I have donated gas three times to recreational divers in OOA situations and in 2 of the 3 the OOA diver (in both cases not my buddy) immediately went for my primary with none of the air share signals or other rubbish that goes out the window when someone really needs gas right now. In the third case, the diver was my buddy, was already heavily leaning toward technical diving, was quite calm and I saw him coming well in advance of his arrival so I had my primary in hand ready to hand off to him.
If you want to do realistic training, trail your buddy by about 20'-30' at a normal swimming pace. Leave your reg in your mouth, but simulate an OOA situation and try to swim down your buddy to get gas. Do it first with full lungs, then simulate the failure after you have completely exhaled. It will be an eye opener. When you arrive at your buddy, (assuming you do so before inhaling off your reg) let me now whether you bothered getting his attention, signalling an OOA, and waited for a response. I already know the answer to that one.
The point being that introducing an Air2 into the OOA situation is going to be a moot issue. The odds are good the OOA buddy will go for your primary, and if you are really on top of the situation and see your buddy coming, you will hand your buddy your primary anyway (since primary donation goes hand in hand with using an Air 2). In either case, the buddy will NOT be looking for your octo.
Again, if you want to train realistically, unclip your octo and then have your buddy come borrow some gas sometime during the dive. Odds are the octo will end up back by your tank tank or in some other dififcult to locate place - where it will tend to end up if it comes unclipped during the dive. There is a chance that you will end up snatching your primary back (warn your buddy in advance) or you will end up going for his octo, especially if you combine that with your buddy taking your primary just after you exhaled. At a minimum, it will make you a believer in an easy to find octo - either a bungeed octo or an Air 2.
...I had to have a longer hose attached to my AIRII...
...I have had problems with free flows and slow leaks from the AIR II. This got annoying enough that I wound up doing one dive on the AIRII so I was not "wasting" the air or having to listen to it bubbling. By the end of the dive (90 minutes) my jaw was awful sore because of the bulk of the AIRII and the cumbersome nature of it being attached to the inflator hose. My neck was sore from having to cant my head to the side to breath off the AIR II.
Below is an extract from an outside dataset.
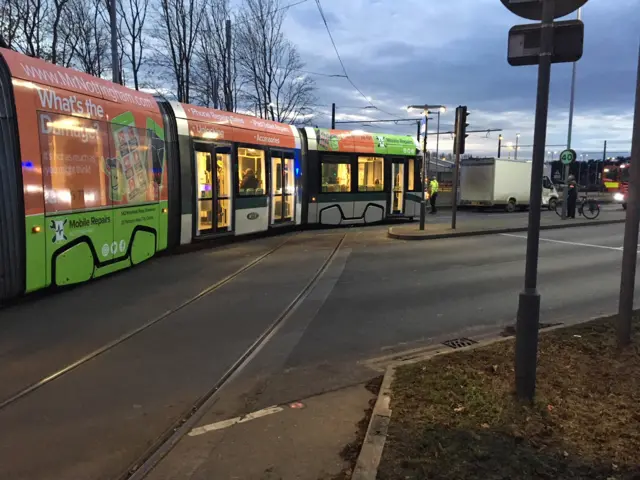 tram derailed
I agree with you that an Air 2 works best with a slightly longer than normal corrogated inflator hose.
I am also not surprised your neck got sore after using an Air 2 for an entire dive. The Air 2 was never intended for extended use.
The Air 2 is also not any more freeflow prone than any other octo design, if it is freeflowing it is in need of adjustment. What is less obvious is that an Octo with the same slight freeflow is often missed due to where the Octo is located during the dive. That is again a strong argument for both an Air 2 or a bungeed Octo.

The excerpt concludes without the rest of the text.